Download the most recent version of files from a Figshare dataset, filtered by a specific prefix or all files.

This function queries the Figshare API to retrieve details of a dataset and then downloads files from it. Files can be filtered by a specified prefix such as hcmi, beataml, etc. If ‘all’, an empty string, or None is passed as the prefix, all files in the dataset are downloaded. The function identifies the most recent version of a file by selecting the one with the highest ID among duplicates with the same name.

Parameters:

dataset_prefix (str, optional) – The prefix of the dataset to download (e.g., ‘hcmi’). If ‘all’, an empty string, or None, all files in the dataset are downloaded. Default is None.

Returns:

The function downloads files to the local repository and does not return any value.

Return type:

None

Collection of small utility and helper functions.

coderdata.utils.utils.list_datasets(raw: bool = False) dict | None

Hepler function that returns a list of available datasets including a short description and additional information available.

Parameters:

raw (bool, default=False) – If set to True returns a yaml dictionary containing all available datasets including additional information.
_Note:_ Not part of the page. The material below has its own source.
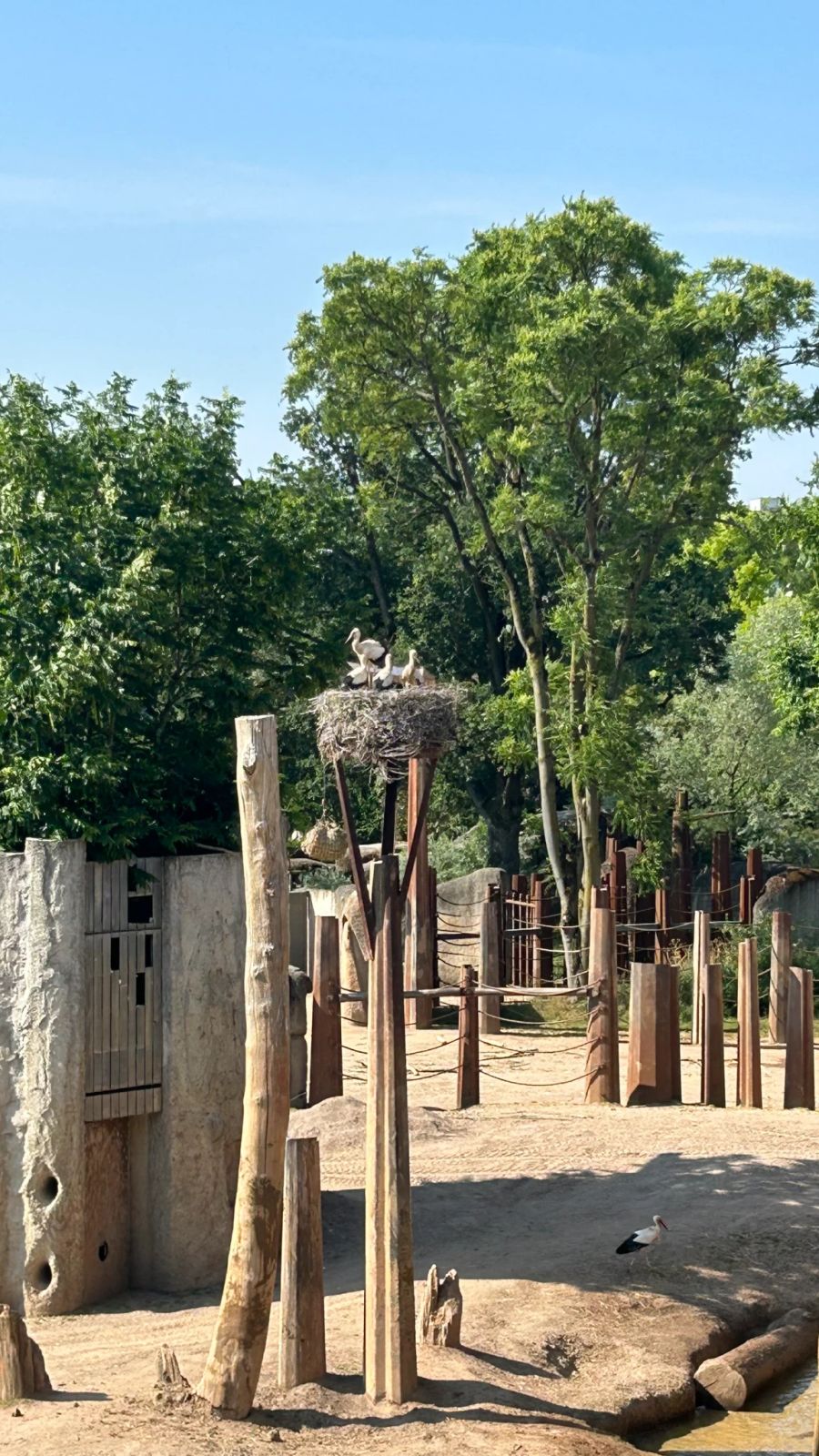 Ein erwachsener Storch ist dabei, den Jungen Flugbewegungen vorzuführen, um es ihnen beizubringen.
If set to false prints information to stdout and returns None.

Returns:

Returns a dict containing the information if raw==True, otherwise prints information to stdout and returns None.

Return type:

dict | None

coderdata.utils.utils.version() dict

Helper function that returns the version strings for the package and the dataset build.

Returns:

Contains package and dataset build version.

Return type:

dict

Command Line Interface to retrieve coderdata datasets.

coderdata.cli.check_folder(path: str | PathLike | Path) Path

Helper function to check if a defined folder exists.

Returns:

Cleaned path object with the absolute path to the folder passed to the function.

Return type:

Path

Raises:
  • TypeError – If passed path argument is not of the requested type.

  • OSError – If the passed path argument does not link to a valid existing folder.

coderdata.cli.info(args)

Helper function that takes the parsed command line arguments and prints either verison information or information on the available datasets depending on the arguments in args.

Parameters:

args (Namespace) – A Namespace object that contains commandline arguments parsed by ArgumentParser.parse_args().

Dataset Object

class coderdata.dataset.dataset.Dataset(name: str | None = None, transcriptomics: DataFrame | None = None, proteomics: DataFrame | None = None, mutations: DataFrame | None = None, copy_number: DataFrame | None = None, samples: DataFrame | None = None, drugs: DataFrame | None = None, drug_descriptors: DataFrame | None = None, mirna: DataFrame | None = None, experiments: DataFrame | None = None, methylation: DataFrame | None = None, metabolomics: DataFrame | None = None, genes: DataFrame | None = None, combinations: DataFrame | None = None)
coderdata.dataset.dataset.Dataset.save(self, path: Path) None

_summary_

coderdata.dataset.dataset.load(name: str, local_path: str | Path = PosixPath('/home/runner/work/coderdata/coderdata'), from_pickle: bool = False) Dataset

_summary_

Parameters:
  • name (str) – _description_

  • directory (str | Path, optional) – _description_, by default Path.cwd()

Returns:

_description_

Return type:

Dataset

Raises:
  • OSError – _description_

  • TypeError – _description_

coderdata.dataset.dataset.train_test_validate(data: Dataset, split_type: Literal['mixed-set', 'drug-blind', 'cancer-blind'] = 'mixed-set', ratio: tuple[int, int, int] = (8, 1, 1), stratify_by: str | None = None, balance: bool = False, random_state: int | RandomState | None = None, **kwargs: dict) Split

Splits a CoderData object (see also coderdata.load.loader.DatasetLoader) into three subsets for training, testing and validating machine learning algorithms.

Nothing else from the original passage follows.